Task:
Look below for the line containing "HOSE TAILS - MALE BRASS STRAIGHT". Write out that line and the rest through the last one, exactly as they appear, but without pictures.

Brief descriptive captions:
.....

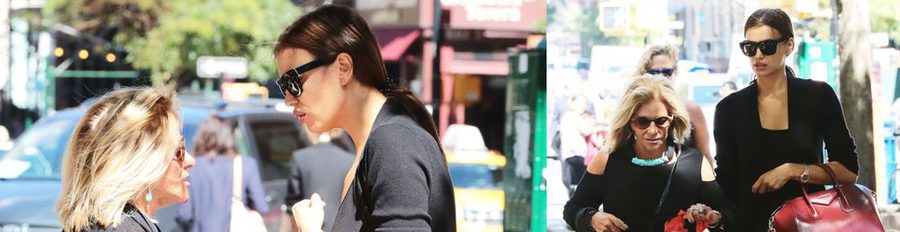 Irina Shayk y Gloria Cooper: la complicidad de nuera y suegra por Nueva York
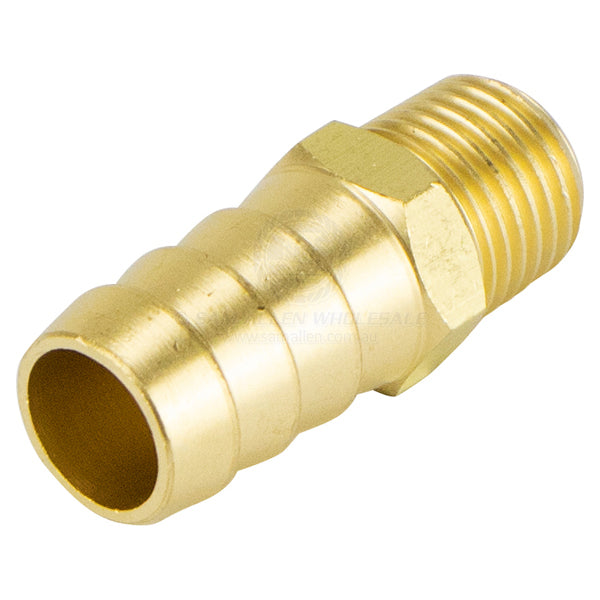 HOSE TAILS - MALE BRASS STRAIGHT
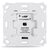 Homematic IP HmIP-BSM Spínací akční člen s měřením - 5A / zápustná montáž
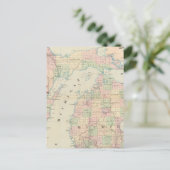 Carte Postale Michigan 7 (Debout devant)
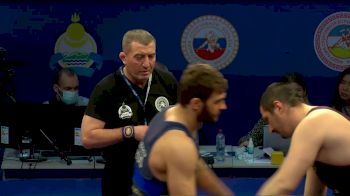 125 kg Glod Medla Match, Sergey Kozyrev vs Azamat Tebloev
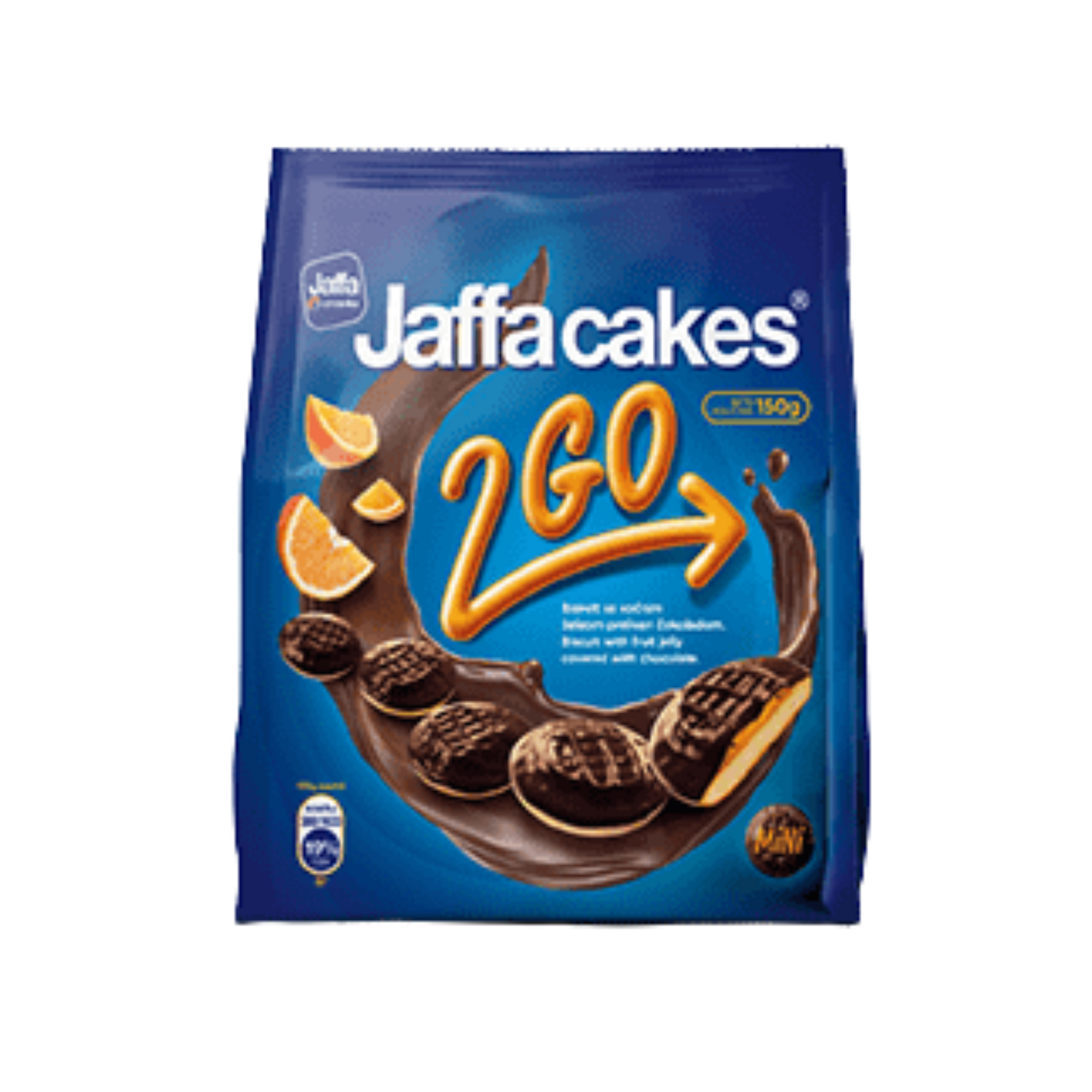 Jaffa Crvenka Jaffa cakes 2GO Jaffa cakes mini 150g Magaza Online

.....

Output:
 HOSE TAILS - MALE BRASS STRAIGHT
 Homematic IP HmIP-BSM Spínací akční člen s měřením - 5A / zápustná montáž
 Carte Postale Michigan 7 (Debout devant)
 125 kg Glod Medla Match, Sergey Kozyrev vs Azamat Tebloev
 Jaffa Crvenka Jaffa cakes 2GO Jaffa cakes mini 150g Magaza Online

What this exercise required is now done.